Predigt am Christkönigsfest, Patronat des Instituts Christus König und Hohepriester, dem 29. Oktober 2023, von Msgr. Prof. Dr. Dr. Rudolf Michael Schmitz
Im Namen des Vaters und des Sohnes und des Heiligen Geistes. Amen.
„Dann bist du doch ein König“. Diese Worte des Pilatus beantwortet der Herr mit den eindeutigen Worten: „Ja, ich bin ein König“ (Jo 18, 37). Warum nennt der Herr sich so? Warum verehren wir Ihn nicht nur am heutigen Tag, sondern an allen Tagen des kirchlichen Jahres in der Heiligen Messe als unseren König und Herrn? Warum trägt unser Institut den Namen Institut Christus König und Hohepriester? Die Antwort ist eine dreifache.

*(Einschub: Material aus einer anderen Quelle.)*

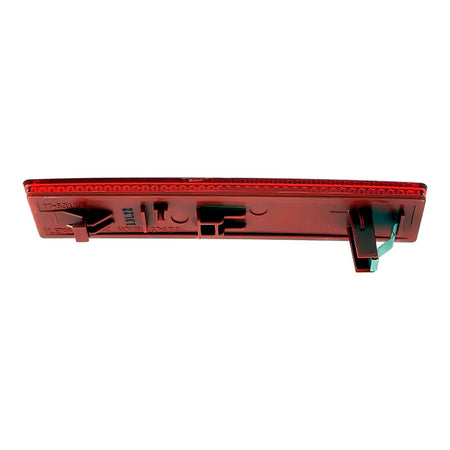 2006-2008 Honda Pilot Reflector, driver side, bottom view, HO1184102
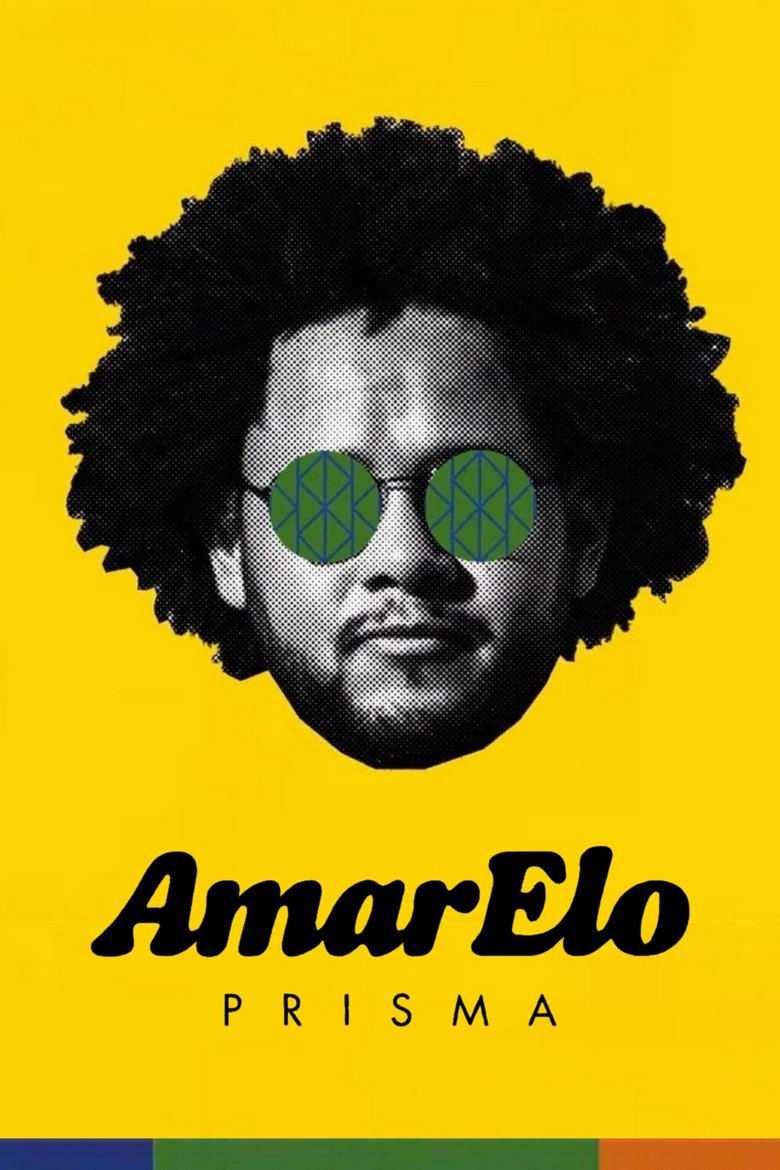 AmarElo Prisma Poster of AmarElo Prisma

Zunächst einmal, so sagt schon der große Papst Pius XI., der das heutige Fest für die ganze Kirche verpflichtend gemacht hat, ist der Herr deswegen König, weil Er der wahre, der allmächtige, der furchterregende einzige Gott ist; weil Er alles beherrscht im Himmel und auf Erden; weil Er mit dem Vater und dem Heiligen Geist eine göttliche Natur hat, und weil Er vor aller Zeit an die Welt nicht nur vorausgesehen hat, sondern sie dann auch in der Kraft des Vaters geschaffen hat, mit Weisheit in der Kraft des Sohnes regiert und durch die ständige Gegenwart mit der Kraft des Heiligen Geistes erhält. Deswegen ist Er König! Deswegen verehren wir Ihn! Deswegen hat Er einen Rechtsanspruch nicht nur auf unsere tägliche Verehrung, nicht nur auf die Gottesdienste und Andachten der Kirche, sondern auch auf die totale Antwort der Hingabe unseres ganzen Lebens, damit wir Ihn ehren und lieben mit der ganzen Kraft unserer Seele und unseres Herzens. Wir sind die Geschöpfe dieses Königs, und Er herrscht über uns unbeschränkt mit Gerechtigkeit und Liebe: Er als Gott König aller Dinge, aller Engel und aller Menschen!
Dann aber ist der Herr aus einen zweiten Grund König, nämlich weil Er, der eine wahre Gott, eins mit dem Vater und dem Heiligen Geist, aus Barmherzigkeit Mensch geworden ist; weil Er hinabgestiegen ist in diese Welt, die Er geschaffen hat, um sie zu erlösen; weil Er in der wunderbaren Menschwerdung im jungfräulichen Schoß Mariens und sichtbar am Weihnachtsabend für uns Mensch geworden ist, damit Er uns zum Vater zurückführen kann. Er ist zwar einer von uns, ganz Mensch, aber Er bleibt auch ganz Gott. Auch aufgrund dieser Gottmenschlichkeit herrscht Er über die ganze sichtbare Welt, herrscht hienieden über jeden einzelnen Menschen, auch über die, die das nicht wissen oder die es nicht anerkennen wollen, wie auch über jene, die sich von Ihm abgewandt haben und Ihn verleugnen.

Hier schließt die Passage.